In the noological method this truth obtains
a full recognition. Realism, however, has its
rights in the forward sweep of the specifically human
side of life with all its diversions, its constraints,
and its preponderantly natural character. Viewed
from this standpoint, the main fact is that life is
raised out of the idle calm of its initial stages,
and is brought into a current; in order to bring this
about, much is urgently needful by man, which cannot
originate, prior to the appearance of the spiritual
estimation of values, but which becomes his when he
is set in a strong current; then, on the one hand,
anxiety for external existence, division into parties,
ambition, etc., and, on the other hand, the mechanism
of the psychic life with its association, reproduction,
etc., are all seen in a new light. These
motive powers would certainly never produce a spiritual
content out of man’s own ability; such a content
is only reachable if the movement of life raises man
out of and above the initial performances and the
initial motives. No mechanism, [p.97] either of
soul or of society, is able to accomplish this; it
can be accomplished alone by an inward spirituality
in man. Through such a conception, Realism and
Idealism are no longer irreconcilable opponents, but
two sides of one encompassing life; one may grow alongside
the other, but not at the expense of the other.

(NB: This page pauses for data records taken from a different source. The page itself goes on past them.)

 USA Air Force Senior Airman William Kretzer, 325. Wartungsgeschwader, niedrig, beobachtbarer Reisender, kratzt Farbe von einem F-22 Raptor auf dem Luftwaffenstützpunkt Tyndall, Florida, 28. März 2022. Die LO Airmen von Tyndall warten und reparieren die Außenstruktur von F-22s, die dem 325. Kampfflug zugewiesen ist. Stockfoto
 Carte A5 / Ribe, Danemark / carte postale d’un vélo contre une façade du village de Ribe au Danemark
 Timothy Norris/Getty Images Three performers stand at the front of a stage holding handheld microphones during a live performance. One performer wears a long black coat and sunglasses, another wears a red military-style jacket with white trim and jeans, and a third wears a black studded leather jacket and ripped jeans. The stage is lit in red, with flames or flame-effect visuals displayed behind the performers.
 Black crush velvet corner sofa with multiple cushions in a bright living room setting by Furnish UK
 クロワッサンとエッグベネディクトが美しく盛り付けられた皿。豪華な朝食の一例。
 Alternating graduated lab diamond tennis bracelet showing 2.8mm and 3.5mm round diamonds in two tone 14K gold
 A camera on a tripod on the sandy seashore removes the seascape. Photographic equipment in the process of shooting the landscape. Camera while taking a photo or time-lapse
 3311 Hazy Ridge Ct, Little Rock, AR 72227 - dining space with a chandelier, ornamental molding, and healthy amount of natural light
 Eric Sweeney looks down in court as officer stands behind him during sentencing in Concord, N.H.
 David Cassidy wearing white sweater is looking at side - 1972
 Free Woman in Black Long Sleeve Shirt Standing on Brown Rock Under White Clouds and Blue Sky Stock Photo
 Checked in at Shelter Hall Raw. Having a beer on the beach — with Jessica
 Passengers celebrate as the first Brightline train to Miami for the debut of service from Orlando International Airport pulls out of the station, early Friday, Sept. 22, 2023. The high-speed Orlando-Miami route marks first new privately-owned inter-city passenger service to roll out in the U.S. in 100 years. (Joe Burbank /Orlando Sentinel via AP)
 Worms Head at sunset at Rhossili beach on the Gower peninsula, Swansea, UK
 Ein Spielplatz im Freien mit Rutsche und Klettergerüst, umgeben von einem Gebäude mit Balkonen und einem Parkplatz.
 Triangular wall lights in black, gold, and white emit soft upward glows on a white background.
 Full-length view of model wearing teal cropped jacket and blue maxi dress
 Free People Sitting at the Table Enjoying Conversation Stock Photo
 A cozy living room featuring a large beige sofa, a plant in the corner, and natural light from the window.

Indeed, the more the content of the spiritual life
grows, the more becomes necessary on the side of psychic
existence; the more we submerge ourselves in this
psychic existence, the greater appears the superiority
of the spiritual life."[29] This difference between
noeology and psychology is pointed out by Eucken in
his delineation of spiritual life along the whole
course of its development. The insistence on the
reality of life within the region of values, brought
forth through the activity of the Will, is shown to
be absolutely necessary in order that life may not
sink into the level of the mere physical object on
the one hand, and into mere subjectivity and momentary
changes of consciousness on the other hand. It
is a decision at this point which constitutes the
great turn to a life of the spirit and to the granting
to it of a self-subsistence as real as objects
in the external world; it is a turn which includes,
further, a new beginning of a remove from the content
of the moment and from the impinging of the environment
upon the subject; it is a realisation by the mind
and [p.98] soul that its own content is now on a path
which has to be carved out, step by step, by its own
spiritual potency. It is in the light of what
is attempted and accomplished in this respect that
the external world and all its ramifications into
the soul are in the last resort to be interpreted.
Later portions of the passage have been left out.